Cuando uno sufre el zarpazo cruel de la mentira con las graves consecuencias personales que yo padecí, suele dar rienda suelta a la ira y a la venganza. Yo, por el contrario, sentí la necesidad inmediata de reconciliarme y abrazar la verdad de las cosas y poner en fila a todos los perjudicados para pedirles perdón por mis responsabilidades. Por no haber podido impedir la infamia que se cernía sobre todos nosotros.

Desde el principio de mi desdicha me reprochaba -mejor me sorprendía- el no ser capaz de generar, frente a tanto sufrimiento a mi alrededor, el rencor o incluso el desprecio. Todo lo contrario.

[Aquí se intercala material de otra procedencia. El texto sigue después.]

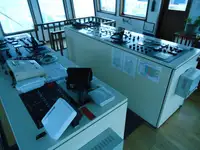 Veerboot Te koop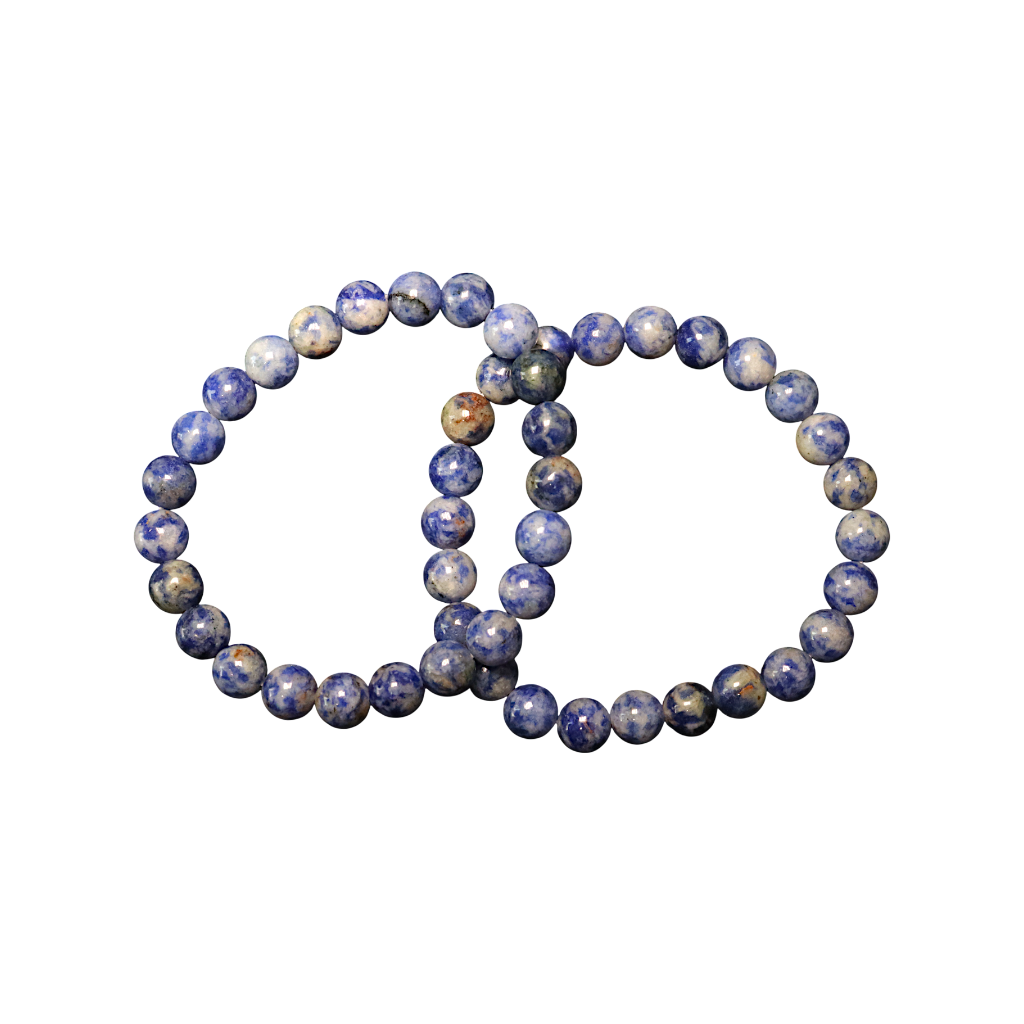 Sodalite Bracelet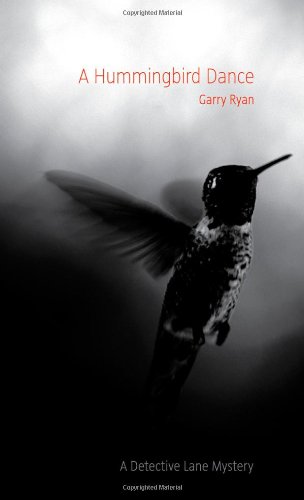 Beispielbild fr A Hummingbird Dance zum Verkauf von Better World Books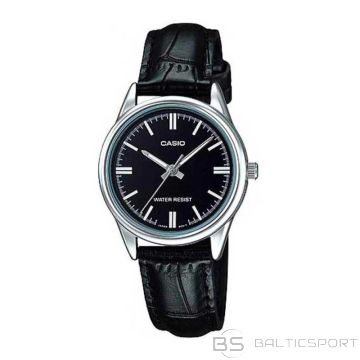 Casio Sieviešu pulkstenis LTP-V005L-1AUDF + KASTE (N/A)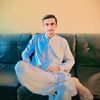 manees922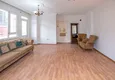 Dostępny zakup Dwupokojowy apartament w centrum Mahmutlar z widokiem na góry 6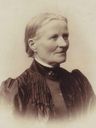 Record image of Helene Olise Hansdatter Røttesmo Kværnø Johansen Kværnø (born Hansdatter)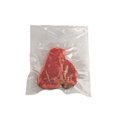 thumbnail image 2 of Weston Pragotrade USA 30-0011-K Vacuum Sealer Bags- 11 in. x 50 ft. Roll - Bagged, 2 of 3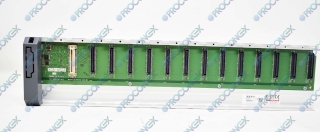 2MLB-E06A – Honeywell - Proconex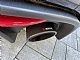 Abarth&nbsp;595&nbsp;<small><strong></strong></small>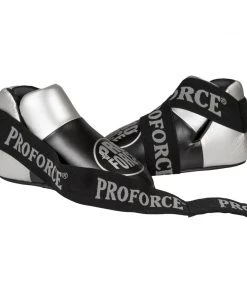 Proforcema ProForce® Semi-Contact Kicks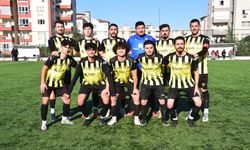 Aytekin: Takım gibi takım olacağız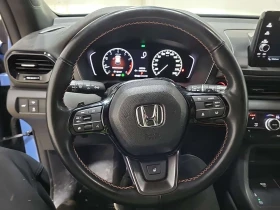 Honda Pilot TRAILSPORT  CARFAX | Mobile.bg � ����� ������ 11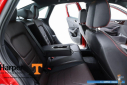 Thumbnail image of 2024 Volkswagen Jetta GLI at Harper Volkswagen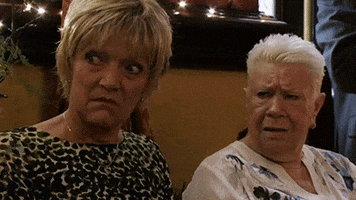 Eastenders GIF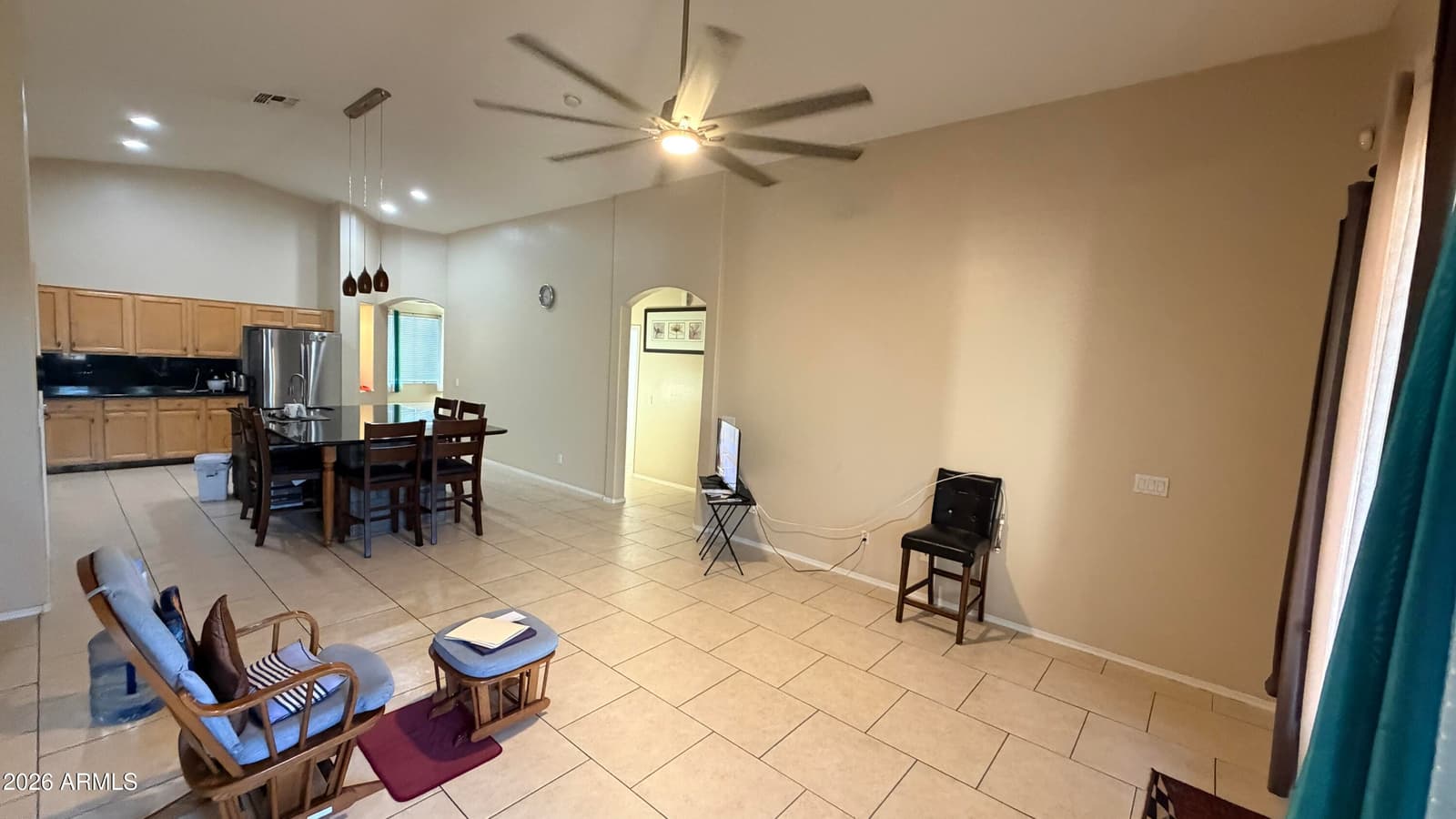 10894 W DAVIS Lane, Avondale, AZ 85323 — photo 18 of 60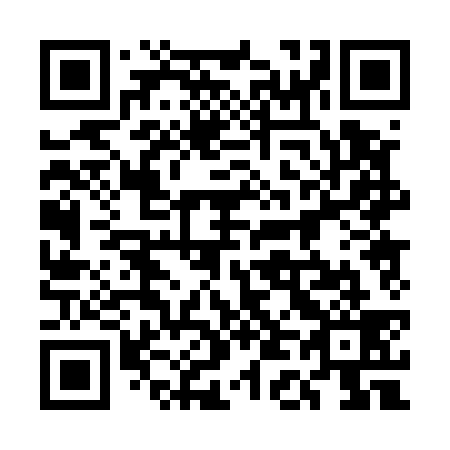 QR code for 5D0 539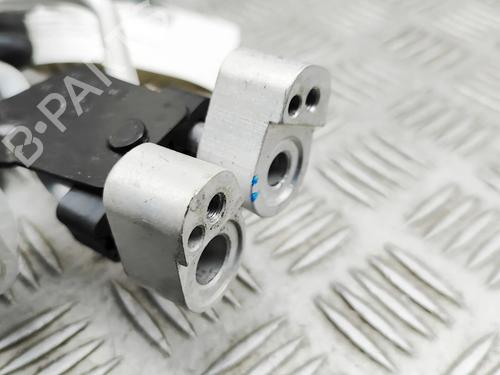 AC pipe BMW XM (G09) XM All-wheel Drive | BP33389199M126 - Image 5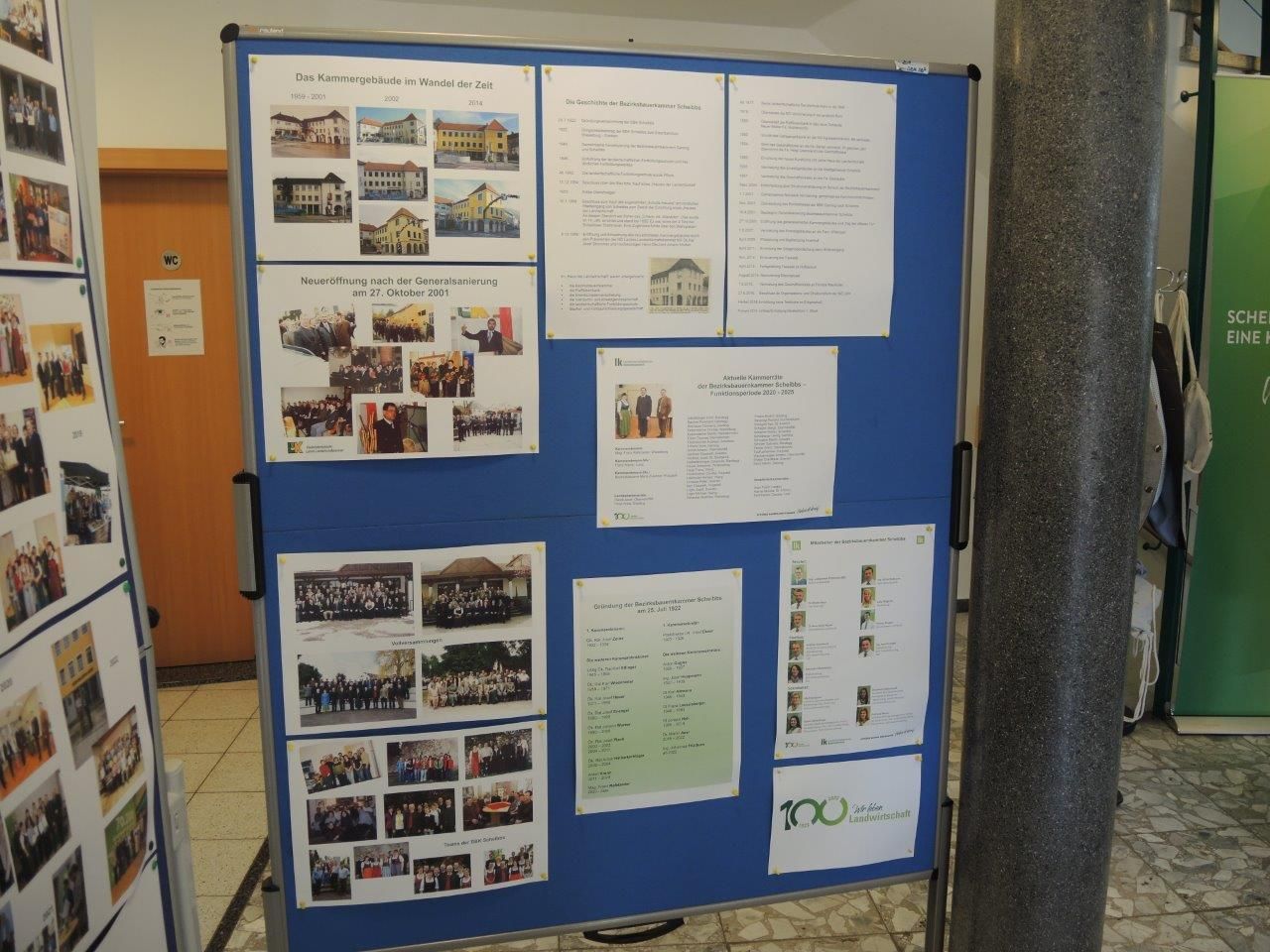 DSCN2997.jpg © BBK Scheibbs DSCN2997.jpg © BBK Scheibbs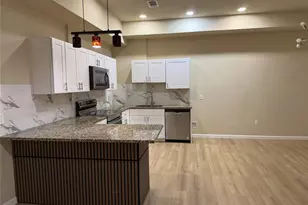 226 Heritage Ct, Seagoville, TX 75159 - Photo 4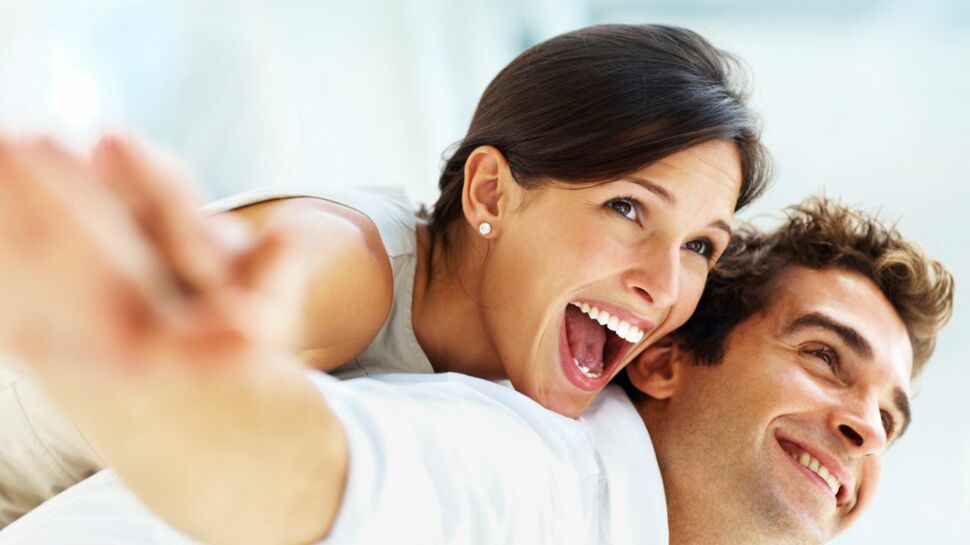Couple : il faut faire des compromis pour être heureux !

Busqué mi parte de culpa y, con la verdad en la mano, sin miedos ni tapujos, hice un sincero acto de contrición.

Sólo quedaba asumirla ante el origen del infundio buscando cerrar cualquier herida, propia o ajena, porque, mientras no cicatricen todas, las de uno siguen supurando dolor y pena.

Busco el perdón. Pero también darlo. Necesito recibirlo con la misma urgencia que darlo.

Hay quienes prefieren dar la espalda a las cosas y sumergirse en el Jordán del olvido. Yo no soy así y busco la paz emocional y definitiva que serene mi espíritu y el de todos los que, como yo, vivimos lo que vivimos, mas allá de nuestra voluntad.

Es así de sencillo, sincero y necesario. Y quien bien me conoce sabe que no tengo más intención que esta.